Exercise materials »
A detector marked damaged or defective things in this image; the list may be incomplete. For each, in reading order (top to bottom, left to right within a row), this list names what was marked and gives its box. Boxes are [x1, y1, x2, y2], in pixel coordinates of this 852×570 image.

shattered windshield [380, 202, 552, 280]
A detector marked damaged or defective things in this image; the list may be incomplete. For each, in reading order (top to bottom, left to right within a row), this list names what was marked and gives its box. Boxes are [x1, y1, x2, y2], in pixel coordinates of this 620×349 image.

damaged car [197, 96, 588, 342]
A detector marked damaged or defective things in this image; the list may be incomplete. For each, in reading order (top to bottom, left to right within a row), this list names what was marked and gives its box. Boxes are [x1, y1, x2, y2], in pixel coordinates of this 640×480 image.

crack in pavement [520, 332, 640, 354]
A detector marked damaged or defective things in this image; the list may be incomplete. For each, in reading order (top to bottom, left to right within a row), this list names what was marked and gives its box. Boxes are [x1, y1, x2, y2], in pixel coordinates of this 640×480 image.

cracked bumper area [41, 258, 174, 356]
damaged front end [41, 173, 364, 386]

* * *

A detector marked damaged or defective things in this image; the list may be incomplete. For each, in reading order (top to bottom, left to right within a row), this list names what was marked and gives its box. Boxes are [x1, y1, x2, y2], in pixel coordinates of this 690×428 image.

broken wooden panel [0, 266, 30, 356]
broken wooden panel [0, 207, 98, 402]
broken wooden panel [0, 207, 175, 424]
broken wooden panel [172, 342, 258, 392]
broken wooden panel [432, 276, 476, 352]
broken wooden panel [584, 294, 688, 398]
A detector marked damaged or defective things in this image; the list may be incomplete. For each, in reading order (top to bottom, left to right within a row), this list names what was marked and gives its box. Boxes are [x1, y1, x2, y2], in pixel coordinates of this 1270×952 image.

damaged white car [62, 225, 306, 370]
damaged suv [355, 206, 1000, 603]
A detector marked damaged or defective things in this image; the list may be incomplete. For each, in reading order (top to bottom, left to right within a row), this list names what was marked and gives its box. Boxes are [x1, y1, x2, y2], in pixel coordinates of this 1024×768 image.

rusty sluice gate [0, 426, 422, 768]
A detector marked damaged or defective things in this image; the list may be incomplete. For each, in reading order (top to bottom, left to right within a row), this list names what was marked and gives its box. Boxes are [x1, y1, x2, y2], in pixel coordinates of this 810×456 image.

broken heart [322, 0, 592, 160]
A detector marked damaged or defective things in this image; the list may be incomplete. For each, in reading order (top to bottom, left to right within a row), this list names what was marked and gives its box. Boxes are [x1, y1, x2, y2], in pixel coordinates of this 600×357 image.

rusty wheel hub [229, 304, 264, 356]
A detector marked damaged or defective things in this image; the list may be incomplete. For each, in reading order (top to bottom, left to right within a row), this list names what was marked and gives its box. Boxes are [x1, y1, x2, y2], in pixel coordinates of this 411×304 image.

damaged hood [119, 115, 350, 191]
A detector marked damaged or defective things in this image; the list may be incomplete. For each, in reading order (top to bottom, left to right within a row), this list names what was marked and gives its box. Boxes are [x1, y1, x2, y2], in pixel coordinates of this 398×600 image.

Assignment » Copy out the range of lines above starting at the line with "this 411×304 image." and ending at the line with "this 398×600 image.", exactly and including both.

Exercise result »
A detector marked damaged or defective things in this image; the list may be incomplete. For each, in reading order (top to bottom, left to right within a row), this list names what was marked and gives its box. Boxes are [x1, y1, x2, y2], in pixel coordinates of this 411×304 image.

damaged hood [119, 115, 350, 191]
A detector marked damaged or defective things in this image; the list may be incomplete. For each, in reading order (top to bottom, left to right within a row), this list names what was marked and gives its box. Boxes are [x1, y1, x2, y2], in pixel coordinates of this 398×600 image.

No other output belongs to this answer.